MATTESON, Ill. – A part of me thinks back to what I did Saturday and believes I should have sought out a Giordano’s restaurant for dinner that night.
Personally, I can’t remember the last time I had one of their pizzas. But it would have made for a more complete day of dealing with companies that are going bankrupt.
BOTH GIORDANO’S AND Border’s Books made announcements last week about the way they’re going to cope with their struggling financial bottom lines.

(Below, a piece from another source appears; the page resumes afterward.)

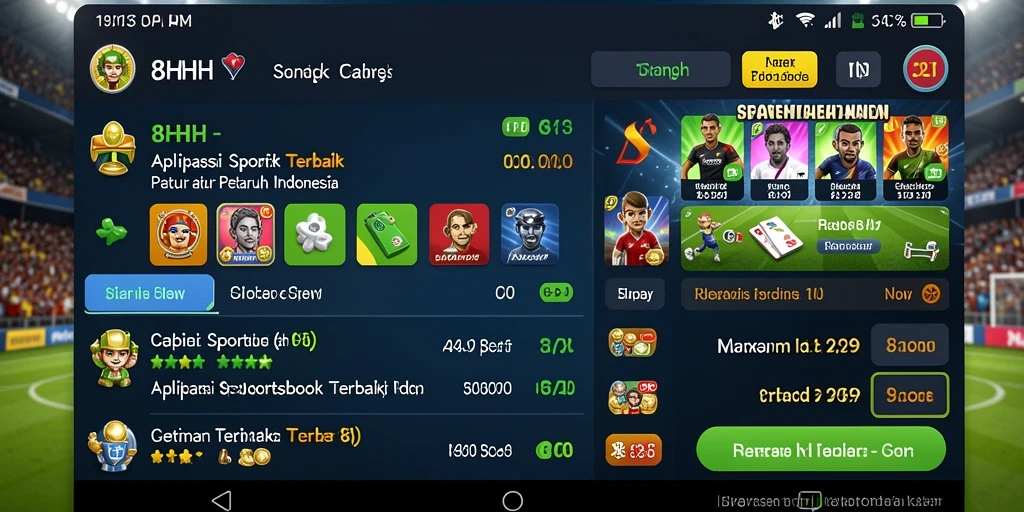 Screenshot gameplay 8HHH yang lengkap dan interaktif.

The restauarant that some three decades ago was the first to make the concept of “deep dish” pizza available in every neighborhood or suburb (instead of having to make a special trip into the city for Uno’s or Due’s) is declaring bankruptcy – albeit the kind that allows them to restructure so they can pay off their debts.

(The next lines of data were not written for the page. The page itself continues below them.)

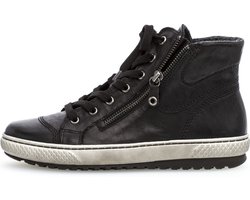 Gabor halfhoge sneakers 53.754.57 zwart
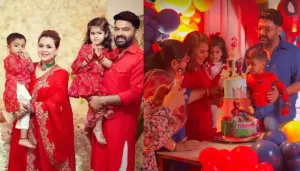 Kapil Sharma Hosts Spiderman-Themed Party For Son, Trishaan's B'Day, Cuts Unique 2-Tiered Cake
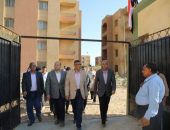 محافظ الجيزة : مشروع إسكان حضاري بقرية الديسمي بمركز الصف يضم ٣٢ عمارة سكنية لمتضرري السيول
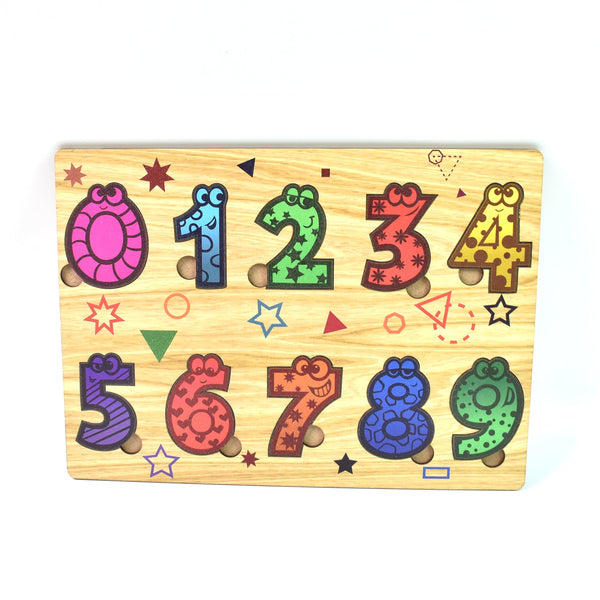 Wooden Number Novaya Lifestyle
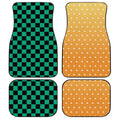 Demon Slayer Tanjiro And Zenitsu Car Floor Mats Custom Uniform Anime Car Accessories - Gearcarcover - 1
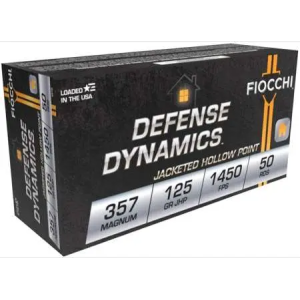 FIOCCHI AMO 357 MAG 125GR JHP 50-RD ( 20 BOXES PER CASE )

The book chain that started in Ann Arbor, Mich., and in the past decade has put its big-box bookstores (with requisite coffee shop included) in or near every neighborhood or suburb is also making changes – although in their case, 15 of the 31 Chicago-area stores they operated are closing.
Which is why, after attending a family function involving my father on Saturday morning, my brother and I wound up spending a good chunk of the afternoon at the Border’s Books located within sight of the Lincoln Mall shopping center in south suburban Matteson.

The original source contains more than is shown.